Dubbed DSSTNE, the framework owes its speed in large part to the parallelization mechanism that Amazon included under the hood to handle distributed processing. Most alternatives execute deep learning models by running separate copies of the code on each GPU at their disposal and synchronizing the activity using some sort of orchestration mechanism. Others will assign each major element of the algorithm to a different chip, which is slightly more efficient but still doesn’t make the most out of the available hardware. DSSTNE, in turn, implements an improved variation of the latter method to figure out the optimal number of calculations a given processor can handle and then distribute the load accordingly.
The resulting performance improvement becomes especially pronounced when the framework is used to analyze so-called sparse datasets that are missing a lot of details.

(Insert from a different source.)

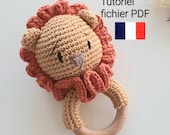 Tutoriel hochet lion, tuto crochet diy, patron crochet doudou lion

Amazon optimized DSSTNE for handling partial information to help speed the creation of recommendation engines, which typically don’t have access to all the information they’re programmed to weigh. The product suggestion feature on the retail giant’s website, for instance, can’t take a visitor’s buying history into account if they’re not logged into their account. Meanwhile, search applications will be able to exploit the framework as well to deal with the semantic gaps that often appear in user queries.
Amazon also plans on adding support for image and speech recognition algorithms later down the road in an effort to broaden the appeal of DSSTNE even further. The library already poses a threat to existing deep learning engines: The retail giant claims that it outperformed Alphabet Inc.’s popular TensorFlow system by 2.1 times during an internal benchmark test.